Neither the Jury nor the symbiotes are well-known right now, so I’m not sure how fun it’ll be for someone new to the Spider-Man world to fight these unknowns.
Even More Repetitive
Beat ’em up games are already notorious for being repetitive. Separation Anxiety is one of the worst offenders here. The regular enemies are even more repetitive this time around. After the first stage, you’ll fight against different colored Guardsmen. These are body guards with the same set of armor and they all have the same moves: can shoot guns, toss grenades, and punch. And you’ll keep fighting them over and over.

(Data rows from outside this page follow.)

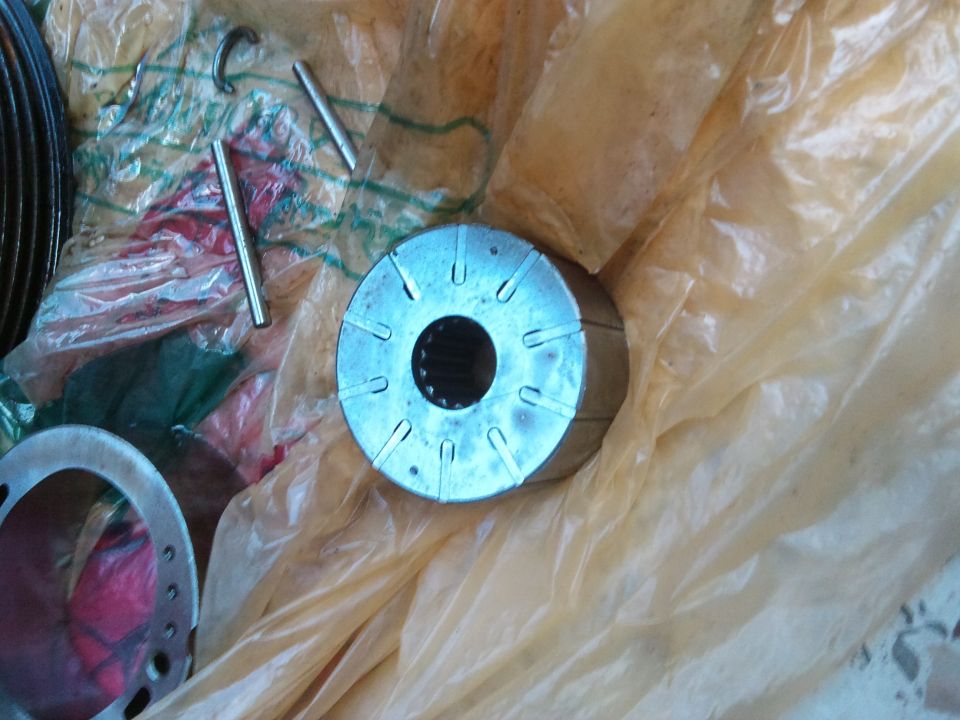 Circular metal part with internal splines and U-shaped clips
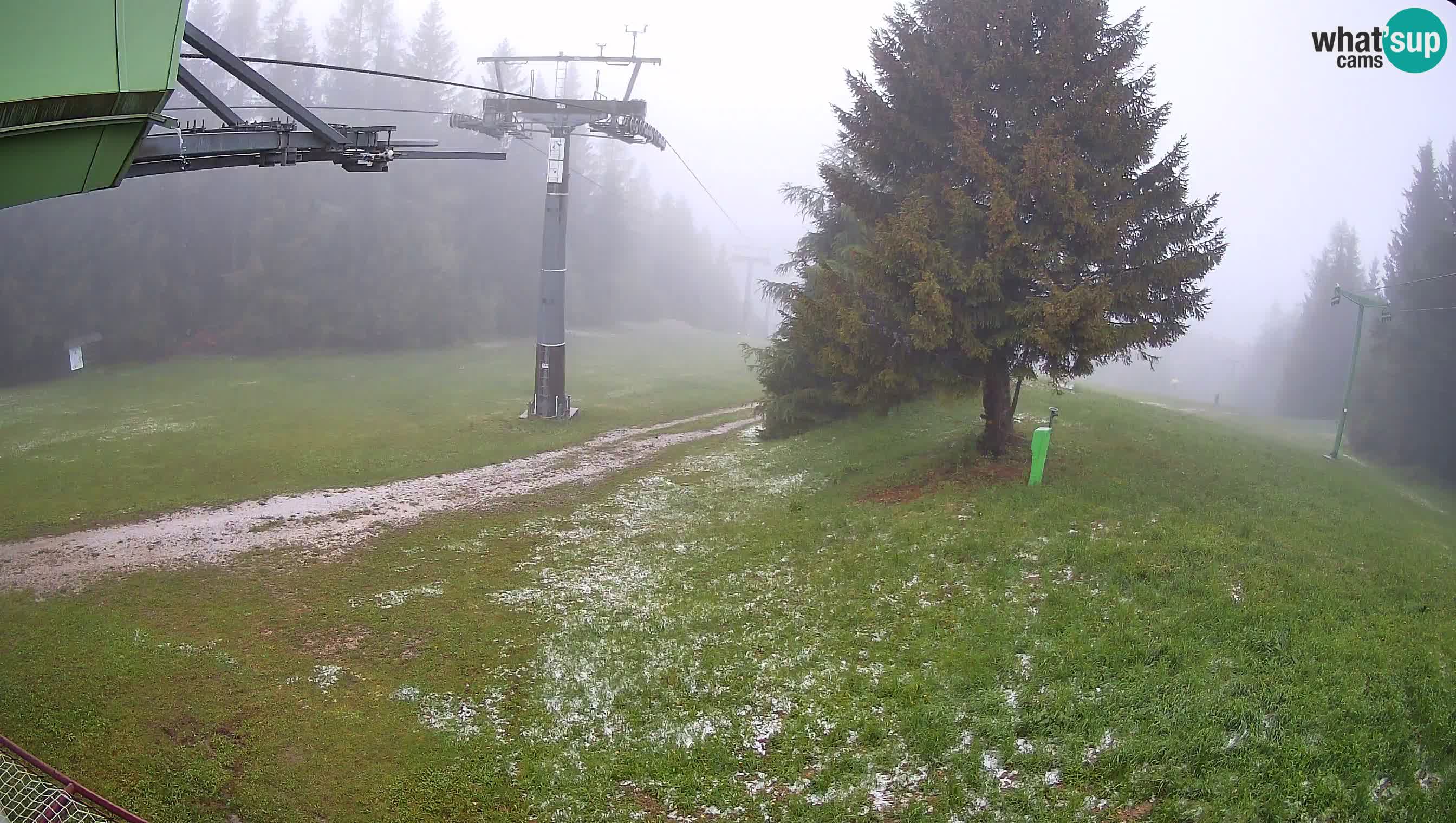 Skijalište Cerkno web kamera Lom – Slovenija
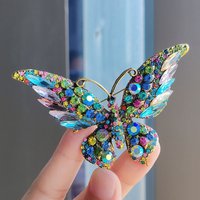 Luxury Shinning Crystal Butterfly Brooches for Women High Grade Ladies Costume Accessories Fashion Insect Silk Scarf Buckle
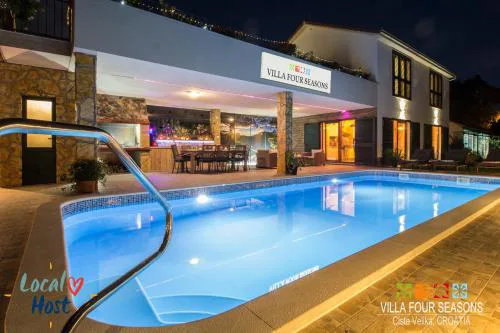 Villa Four Seasons, heated pool and 3 en-suite bathrooms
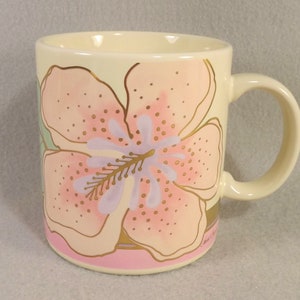 Laurel Burch, Wild Hibiscus, Mug for Coffee Tea, Pastel Colors, Gold Trim, Like New, No Box, 1990s, Signed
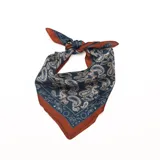 Pañuelo cuadrado de satén con estampado paisley en tonos azul marino, marrón y beige, con bordes en tono marrón.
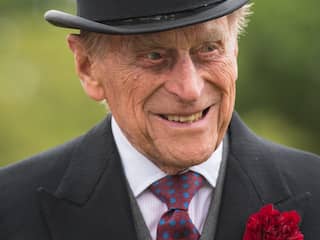 Britse prins Philip (97) biedt in brief excuses aan voor auto-ongeluk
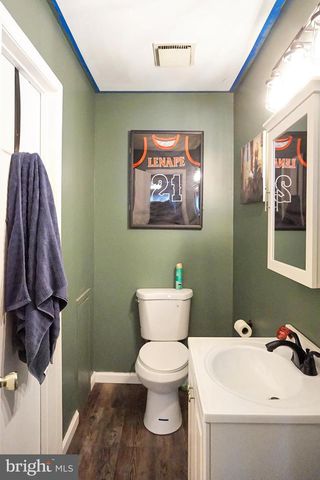 76-B W BLUEBELL LN, Mount Laurel, NJ 08054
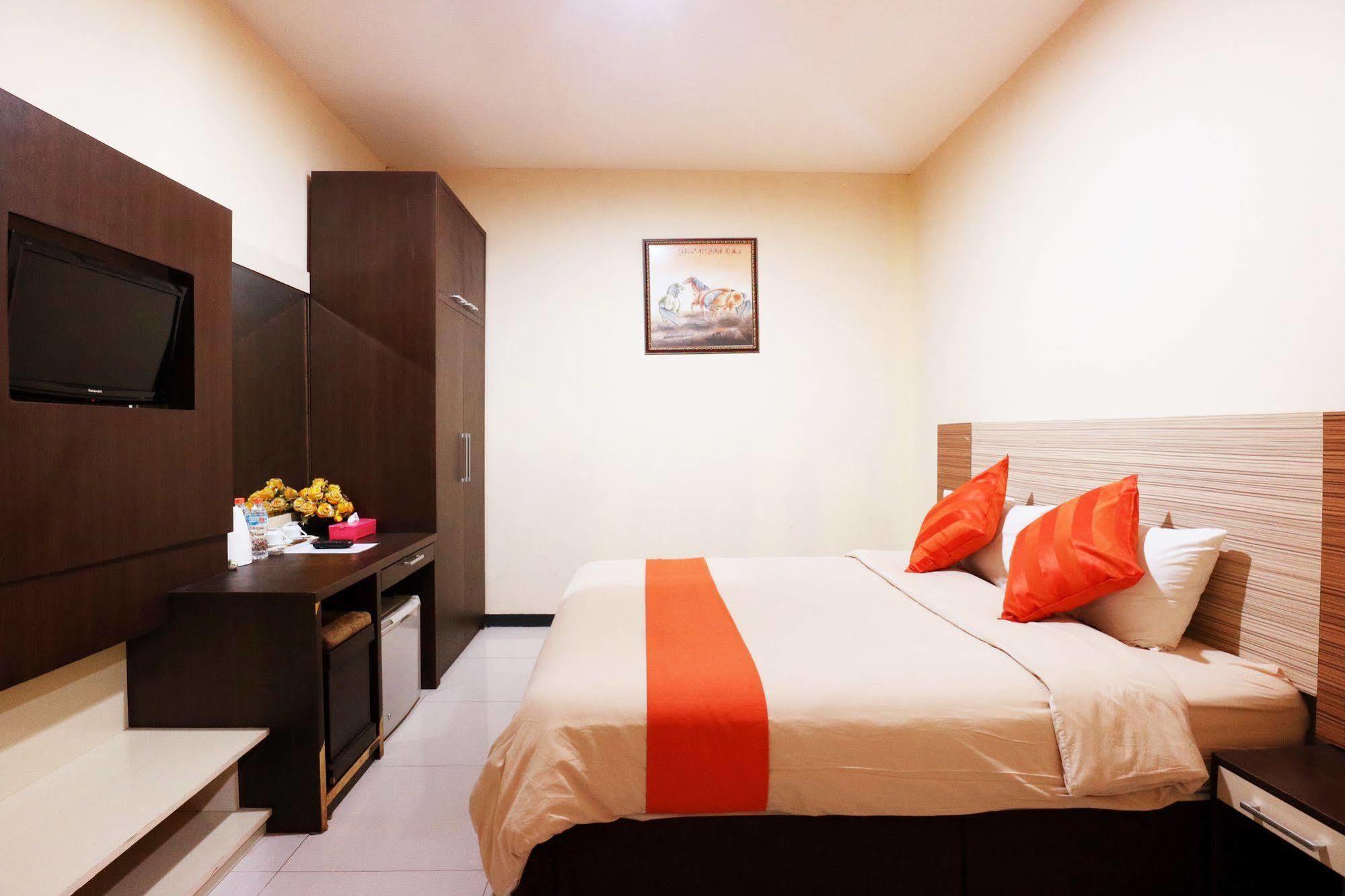 Agraha Andalas Hotel Makassar Kültér fotó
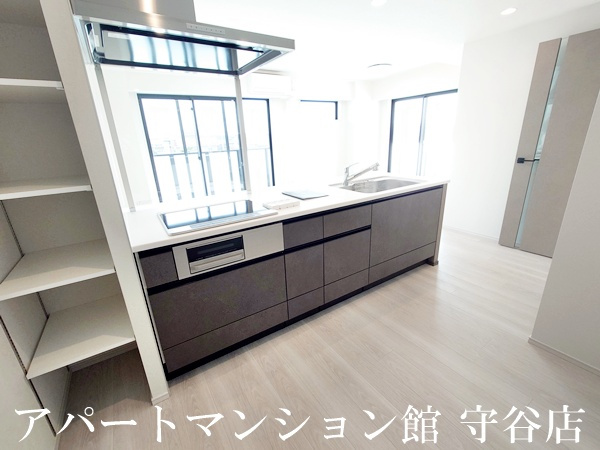 プライム フォレスト 百合ヶ丘のキッチン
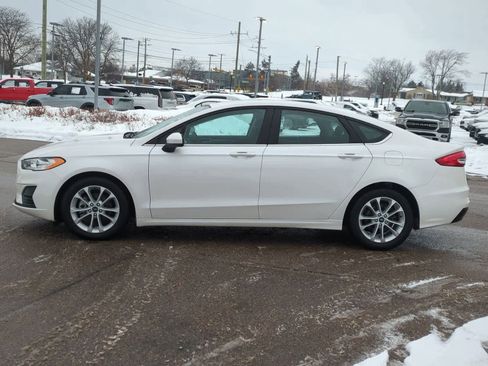 Used 2020 Ford Fusion SE image 5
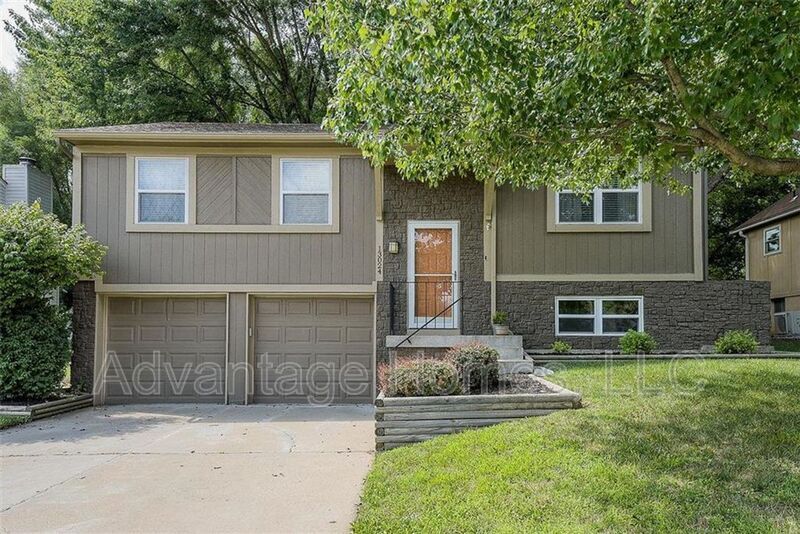 13024 S Trenton St in Olathe, KS - Building Photo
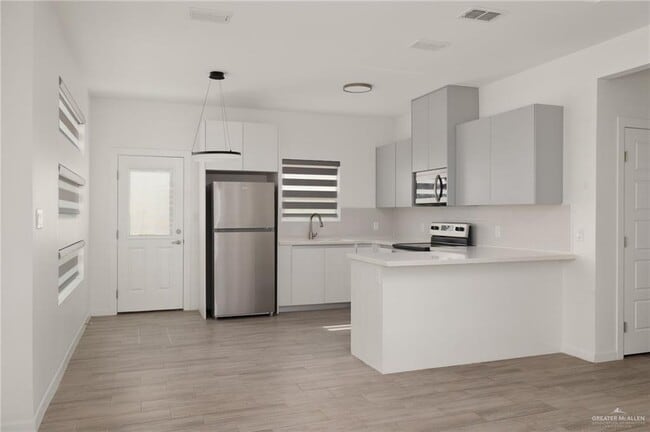 Building Photo - 308 W Campeche Ave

Unless you’re fighting against spherical security drones that come in silver or gold (the same ones you’ll fight in the Fantastic Four HQ stage of Maximum Carnage). Or maybe you’re fighting against robots that don’t even have palette swaps.
So you’ve got bosses that are similar to each other, and the same regular enemies over and over from the second stage up to the end. Well there’s one more thing that makes this worse: the Trap Room. After beating a boss, you’ll often by taken to the Trap Room by Sentry (the less popular one).
It’s essentially an area of the Life Foundation fortress that looks exactly the same. The numbers might be different, but you’ll still fight the same Guardsmen, drones, and security robots. Some Trap Rooms have power ups like extra lives or superhero summons. But going through these sections felt like the developers wanted to pad the game and didn’t have any different stage backgrounds available, so they reused the same area over and over.
Visuals, Sounds, and Presentation
Separation Anxiety has decent graphics, but being a sequel, it’s hard to avoid comparing this with the previous game. Somehow, this feels like a graphical downgrade. Sprites are a little smaller, possibly to adjust to the two player co-op mode. They’re still detailed, but they just don’t look as good as the previous game’s graphics did. It’s a little rougher now.
I was surprised by this game’s music. I didn’t think it would compare to its predecessor’s excellent soundtrack and it didn’t. But I still liked this game’s music a lot. It’s a little tough for me to objectively assess this game though, because I just completed several playthroughs of the SNES version of Maximum Carnage and that version simply has much better music.
For presentation, this again is a step backwards in my opinion. Gone are the cutscenes with comic book panels, replaced with text on plain black backgrounds. The game still makes use of comic book illustrations, but only in transitions in between stages. And of course, the art assets are reused all throughout. The game doesn’t even have a proper ending.
Venom/Spider-Man: Separation Anxiety is quite disappointing, but not because it’s a broken game. It still plays well, but the lack of variety in enemy design makes the game feel really repetitive. The story isn’t as good, the characters aren’t well known, and there’s no pay-off at the end. The graphics also suffer from a downgrade compared to Maximum Carnage.
The only reason for people to play this game is if they want more Spider-Man beat ’em up action and they’ve already played Maximum Carnage to death. Or a pair of buddies want to play as Spider-Man and Venom on a team up adventure. Otherwise, the original is still a much better game and you’re better off playing that.